Much is made about improving culture or increasing employee engagement. In fact, these are words we use on our websites to drive business. From my experience, the workplaces that have the most positive energy have intentionally created their culture and community and do it in specific and well-derived ways.
They allow employees to float and hope they come to work. Forward-thinking companies are making spaces for employees to move around and feel at home while achieving higher work related attitudes. The layout of office spaces is changing dramatically from cubicles to offices with open space. Collaborative and community space is now vital. Regardless of size, organizations that expect a lot from their employees and show ample amounts of recognition create an environment where employees don’t want to work from home every day—for fear of missing out on what’s happening. Space matters in this regard.
This past month a client of ours re-worked their office layout. I was skeptical at first and the results have been helpful. Instead of organization leaders designing each aspect of the change, they went to employees and asked for their input and to lead the change. The physical changes were fairly subtle and today, the office has flow, open space, team space and private space, a major improvement that is beginning to change behavior.
They invest in being results focused and a great place to work. A misconception that is frustrating, in addition to the trust fall, is that an organization has to choose between being results focused or a great place to work. Now, that’s old school and not the kind of old school that is cool. Igniting work place excitement and cracking the code isn’t all that difficult; set high and clear expectations, illustrate and call-out how individuals’ work impacts the organizations, get out of their way and celebrate success.
They have some fun every once-in-a-while. While one organization’s version of fun may be the trust fall, others may not. Make it a priority to set at least four fun team development activities a year. Play a round of mini-golf, catch a mid-day baseball game, see what works for your team and do more of it.
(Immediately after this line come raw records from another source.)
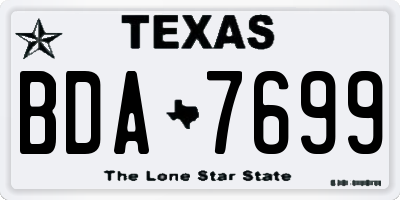 TX license plate BDA7699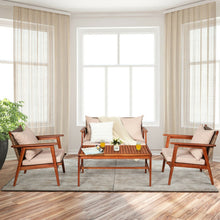 Load image into Gallery viewer, 4 Piece Acacia Wood Patio Rattan Furniture Set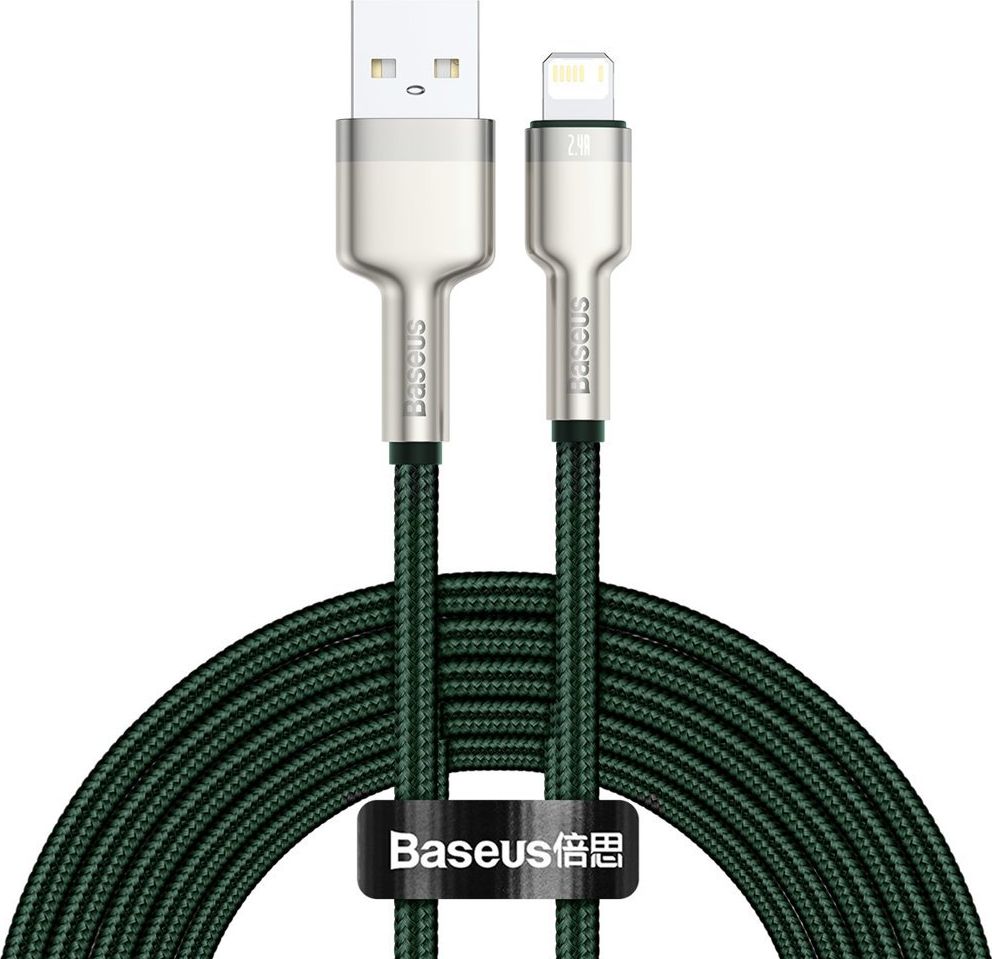 Kabllo USB Baseus USB A në Lightning, 2 m, 2.4A, jeshile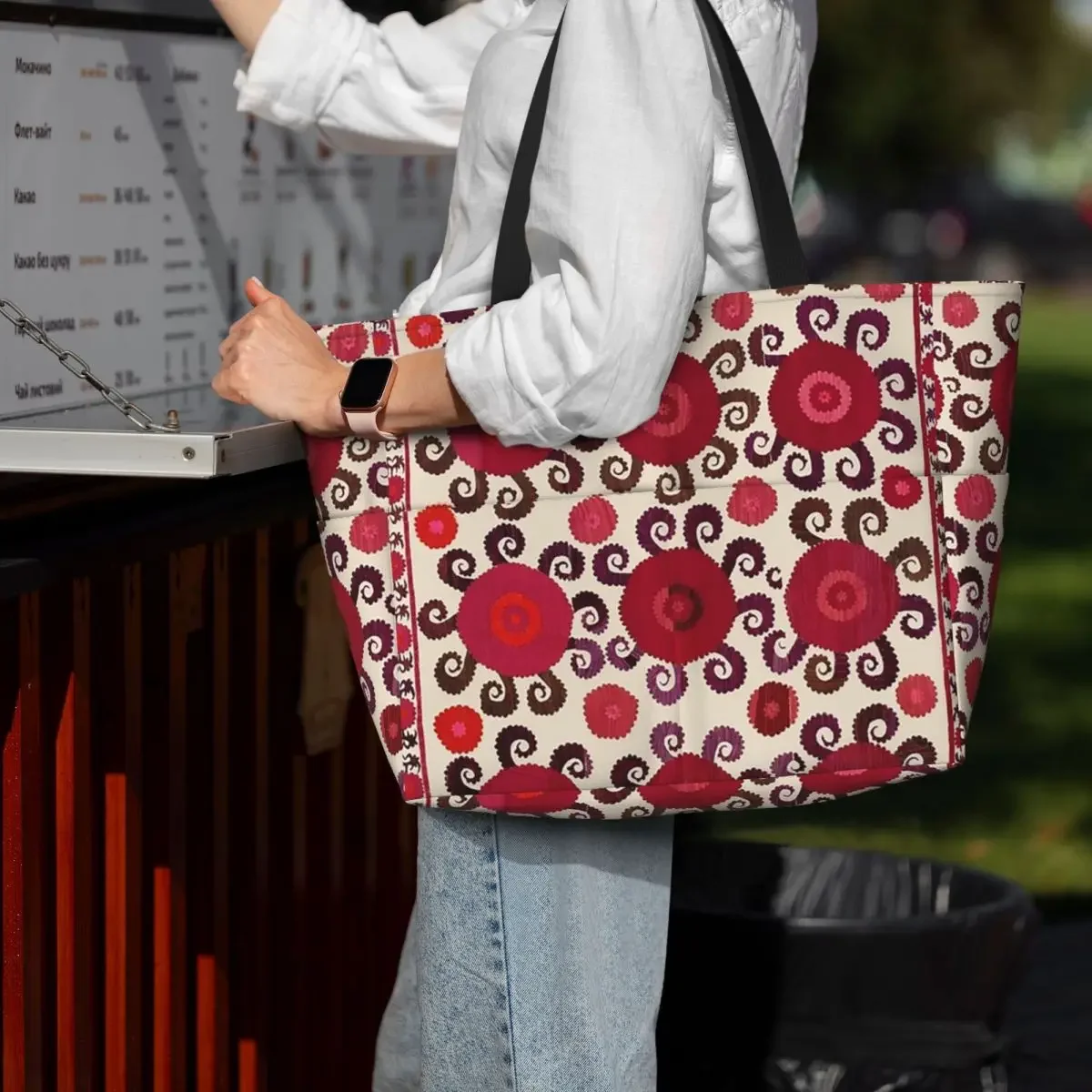 Samarkand Antique Southwest Uzbekistan Suzani Beach Tote Bag Sport Gym Yoga Duffle Large Tote Bag Women Travel Bag Fitness bag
Every employee wants to make a difference and wants their work to matter. It takes hard work and dedicated leadership to intentionally create a culture and community that is exciting and ignites the energy of your employees. Invest in a few of these strategies and your organization will more often than not be referred to as a “Great Place to Work.”
So what’s the takeaway?
- Space matters
- Results and fun can go hand-in-hand
- What are you going to do to ignite energy and excitement in your workplace?